Novelist Sam Lipsyte and Giancarlo Ditrapano talk vices over at Vice: "What if I just said the word DRUGS. What would you say?" Their conversation ranges over Lorin Stein's pre-Paris Review editing style ("He didn’t come at me with an ax. . . .It was more like a textbook prison shanking"), Salinger ("We mostly talked sports"), and the Lish/Carver controversy ("Lish’s edits made those Carver stories. Only a moron or somebody with a financial interest wouldn’t agree to that"). It makes other Lipsyte interviews look tame.
David Foster Wallace scrawled "Rabbit Mourns Himself," inside his copy of Rabbit, Run. In his trusty dictionary, he circled words like abulia, jacal, and uxorious. But the most interesting bit of his archives released so far—aside from his childhood Viking poem—is his battered copy of The Cinema Book by Pete Smith, surely an inspiration for Infinite Jest.

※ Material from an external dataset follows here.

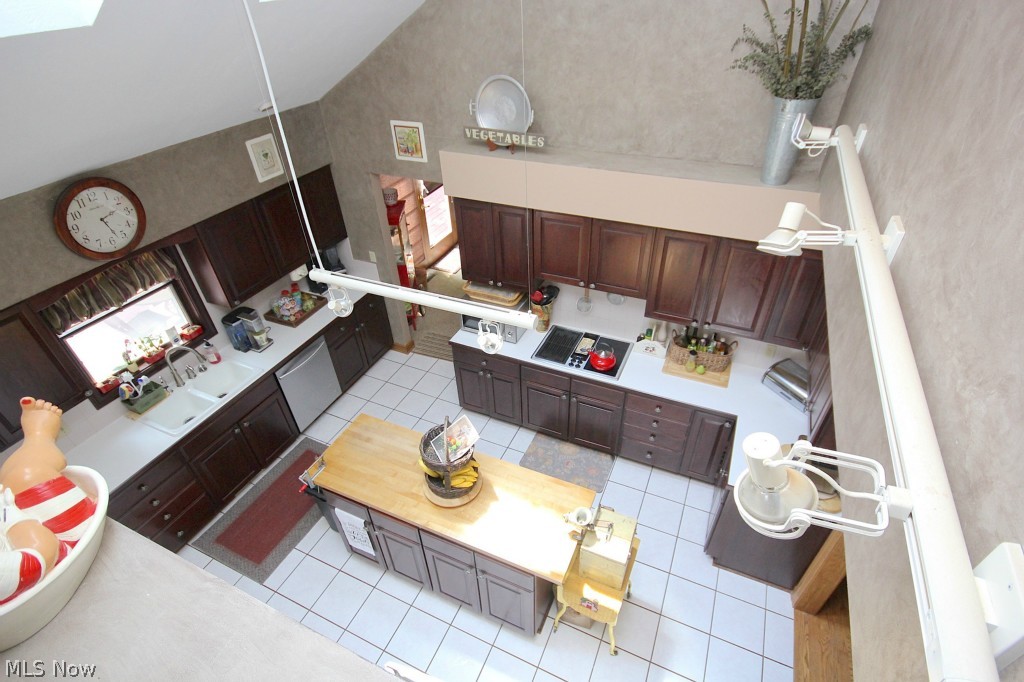 4288 Granger Road Akron, OH 44333 - Photo 9 of 25 Gallery Image 9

There's a "spoofs & satire" piece over at The Morning News, in which Tyler Stoddard Smith churns out some fake quotes by escorts supposedly employed by onetime brothel dweller Gabriel Garcia Marquez. What's next, a humor piece about courting his wife Mercedes when she was only nine years old?
Gary Indiana's new book, Andy Warhol and the Can that Sold America, is in bookstores now. We'd advise you to run out and buy it, but the author himself doesn't recommend it: "anybody who knows anything about the subject will dismiss it as boilerplate tripe about Warhol, stuff you've heard and read a million times—that's what it was turned into."